Eth1 is my external interface (83.227.154.117) and eth0 my internal (192.168.0.1).

----------

## egberts

Sadly to say, mrouted works best if each and EVERY router in the hop is running an equivalent of an mrouted.

I know many brain-dead ISP don't bother with multicast.  Sometime you can do a mtrace (traceroute equivalence of a multicast).

The tool is located at [url]sourceforge.net/projects/mtrace/[/url] (GENTOO should have this, but its not in the portage)  to determine which multicast hop is broken.

Then, sadly again, lodging a complaint with the midhop backbone provider MAY or MAY NOT result in a suitable resolution.

For me, I always establish a multicast island of which I can join together using GRE tunneling protocol (not the best of both world).

Best wishes.

----------

## Gatak

Well. The multicast from my ISP does work. I do receive multicast querries over IGMP when I monitor with Ethereal.
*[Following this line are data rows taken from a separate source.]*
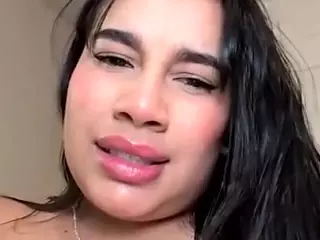 Aliii's Live Sex Cam Show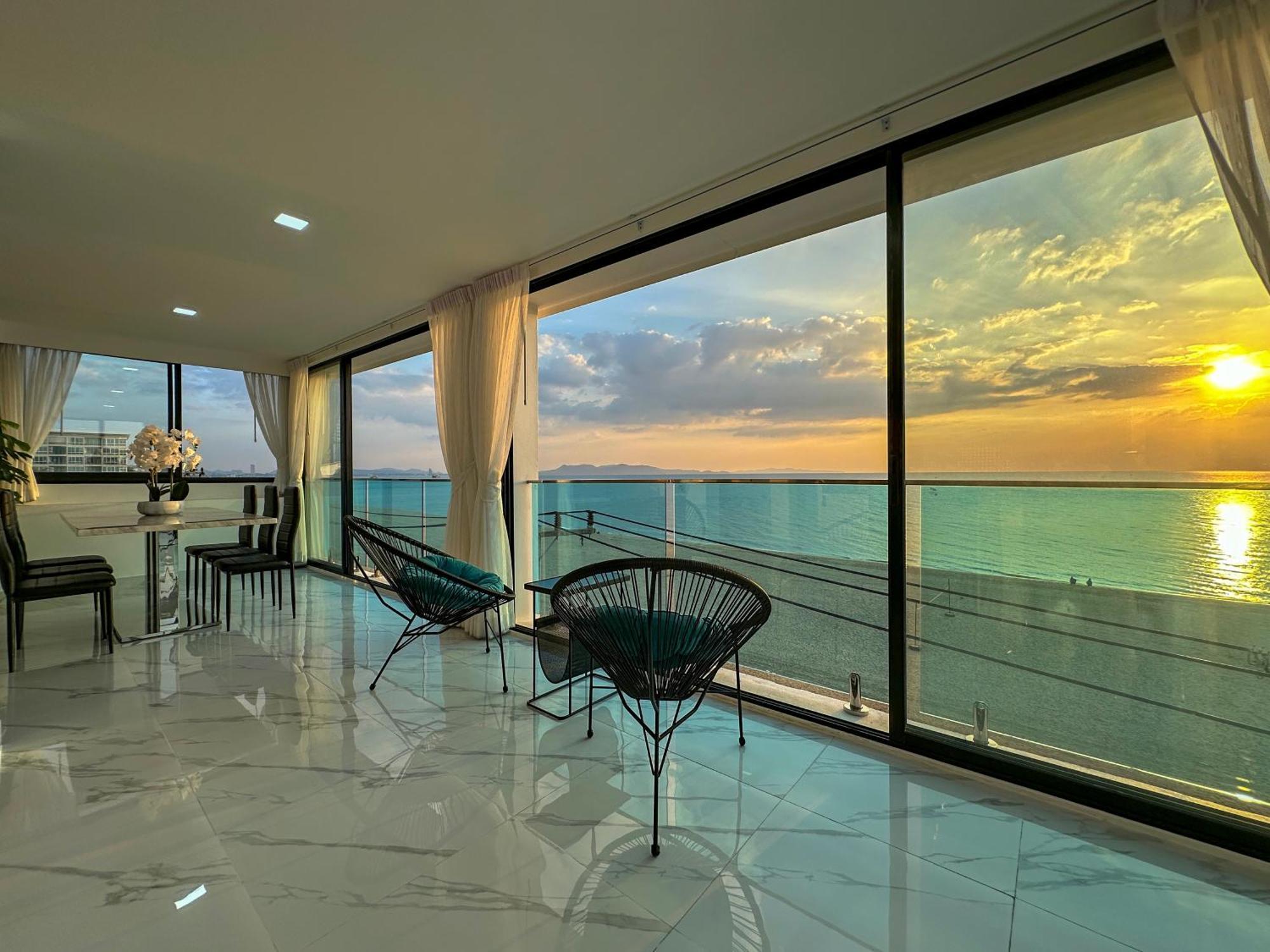 Stunning Beachfront View Luxurious Apartment 40 Jomtien Exterior foto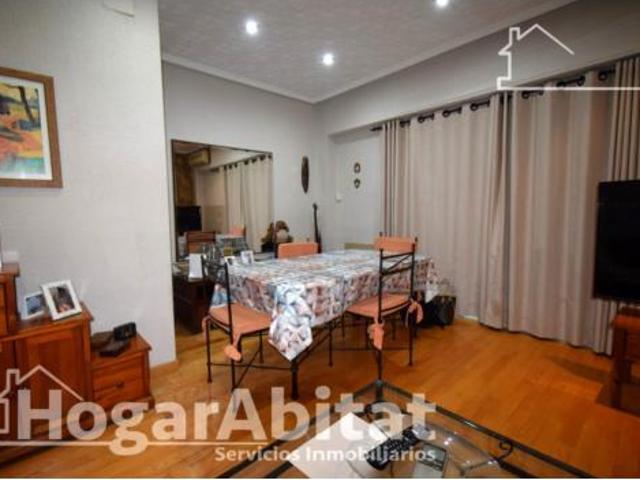 Casa Venta Paterna, Centre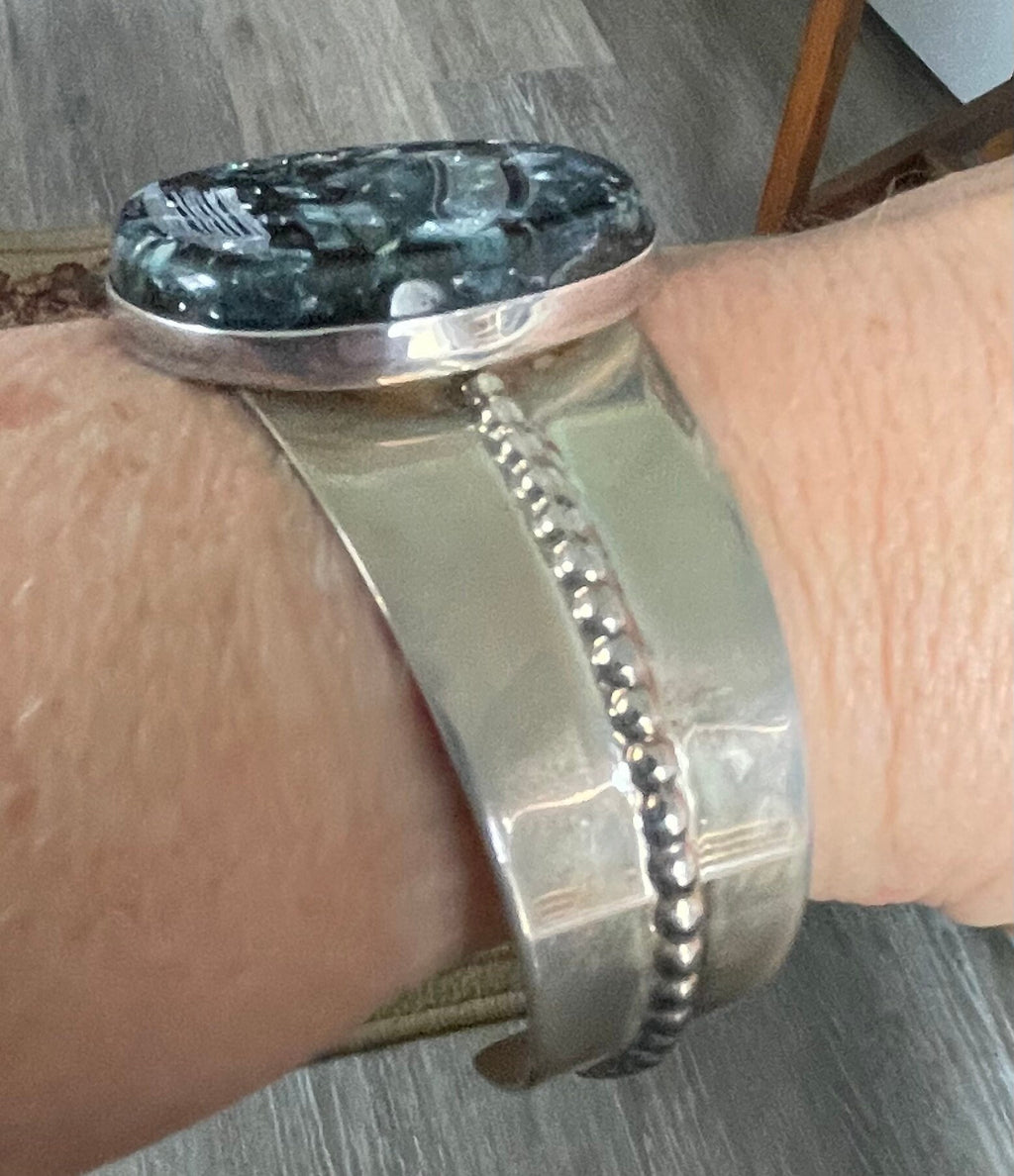 Unique Large Black and Silver Foil Dichoric Glass Jay King Desert Rose Cuff Bracelet Stamped DTR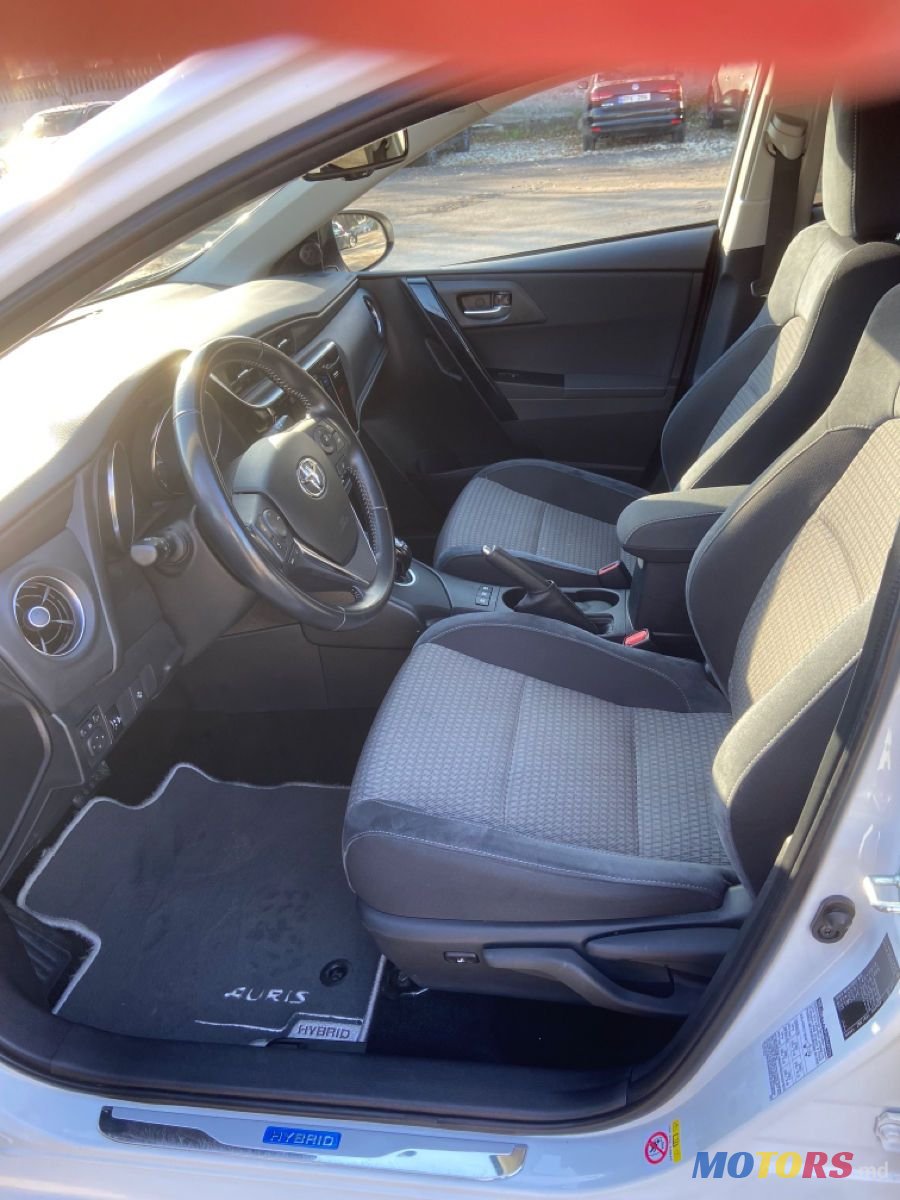 2015' Toyota Auris photo #6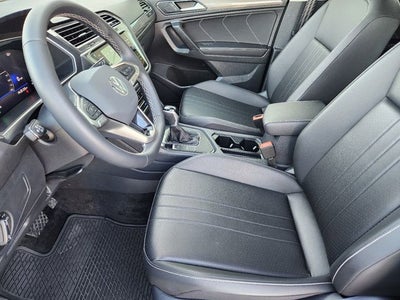 2024 Volkswagen Tiguan 2.0T SE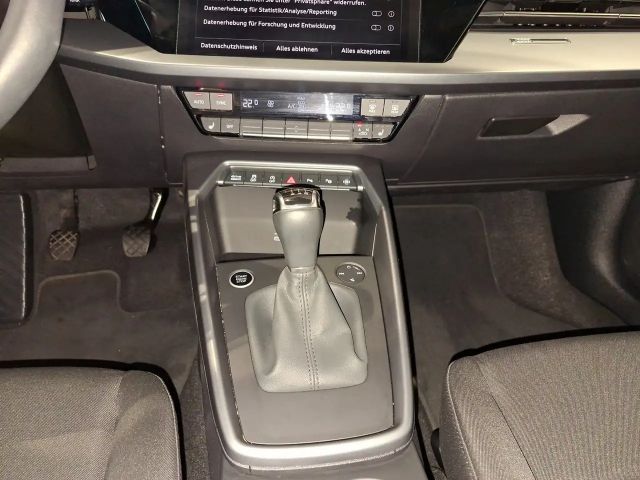 Audi A3 30 TDI Sedan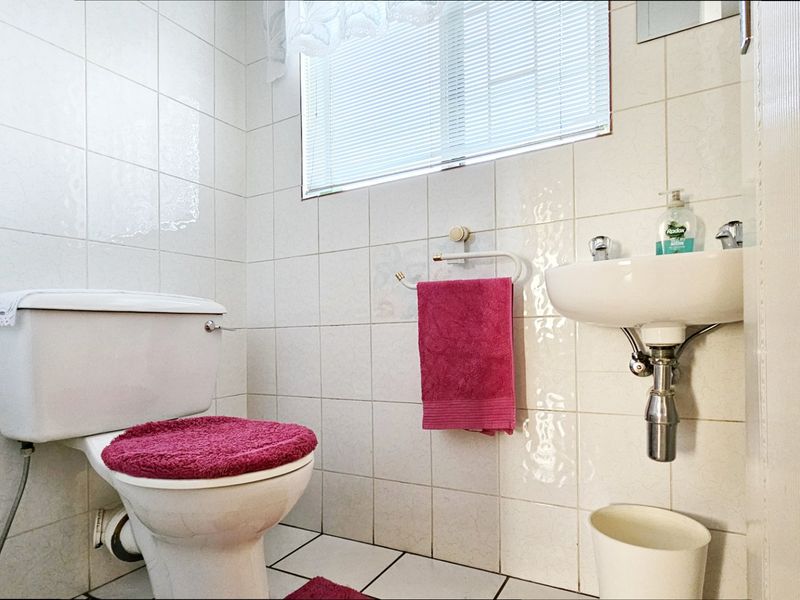 A spacious family home in Arconpark. - Photo 5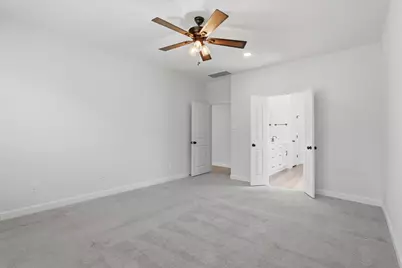 6048 Heritage Creek Lane, Conroe, TX 77304 - Photo 18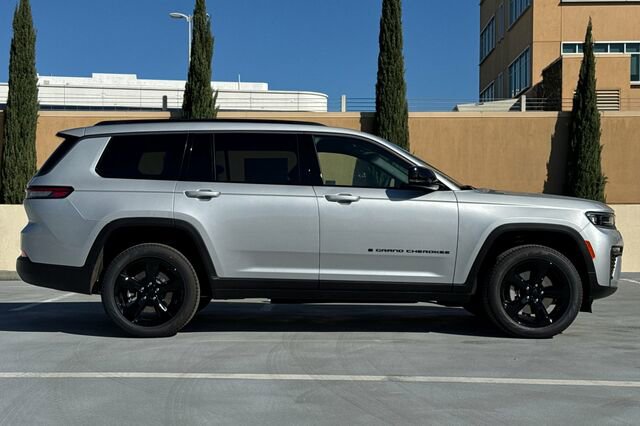 New 2026 Jeep Grand Cherokee L Limited AWD/4WD image 3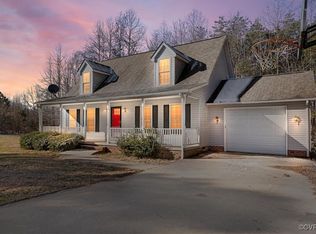 1855 Leigh Mountain Rd, Green Bay, VA 23942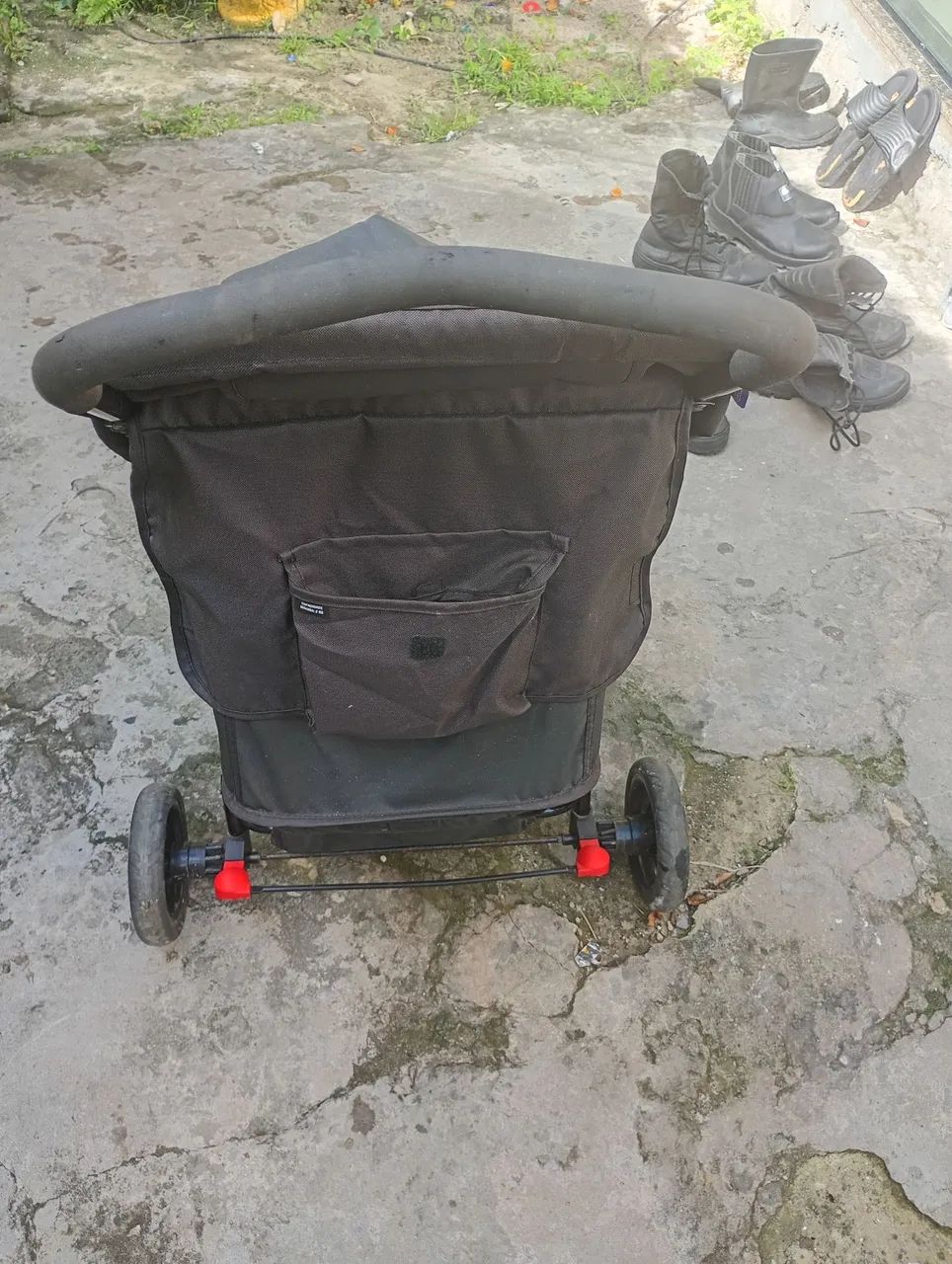 Vende-se carrinho de bebê 3 rodas 250,00 semi novo p vender logo da marca toffy  - Foto 5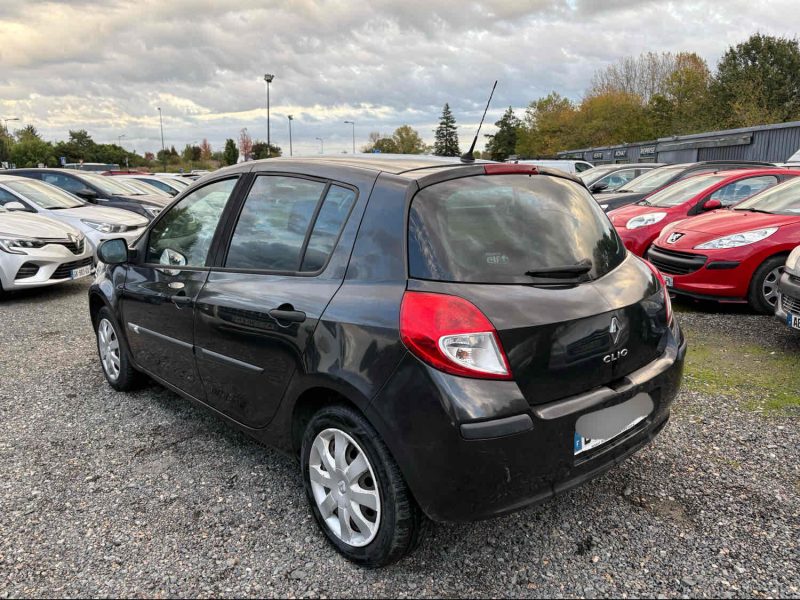 RENAULT CLIO 2011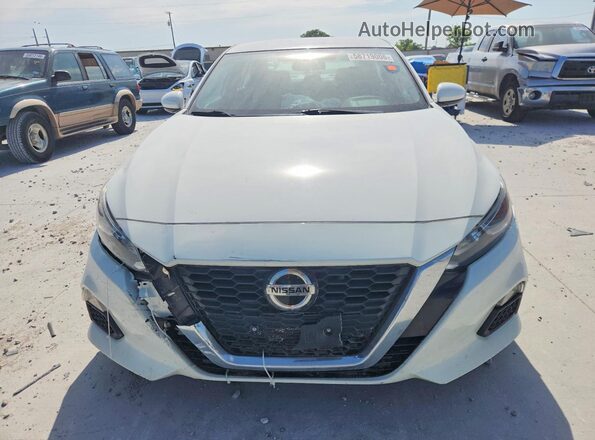 1N4BL4BV6LC211308 2020 NISSAN ALTIMA White Widok z przodu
I can join the right multicast group with Video LAN Client on the  Router.

The problem is to get mrouted, or something similar, to allow my LAN clients to join the multicast group and receive the traffic. As far as I have seen they cannot even join the group so the ISP starts sending me the video data. =(

Is there a way for me to debug or anything? I have run mrouted in the console with debug output but I am not sure exactly what to look for.

----------

## adaptr

You do understand that you need to be able to route the multicast packets through your NAT, yes ?

There may be one or more sysctl or kernel options you need to set or tweak.

----------

## Gatak

 *adaptr wrote:*   

> You do understand that you need to be able to route the multicast packets through your NAT, yes ?
> 
> There may be one or more sysctl or kernel options you need to set or tweak.

 Yes you mean muticast forwarding in the kernel?

But this is also my question from the beginning. How would I do this? I have not been able to use iptables to route anything. My kernel has multicast routing enabled as far as I can see. My NICs has multicast enabled too.

Has anyone actually gotten multicast routing to work and not just some unicast tunneling between two hosts?

----------

## Gatak

The problem as I see it is that the router does not proxy the multicast packets.

When I join a group from my LAN, the router would not join the group with the next router. So therefore I would not get any response. Here is some debug output.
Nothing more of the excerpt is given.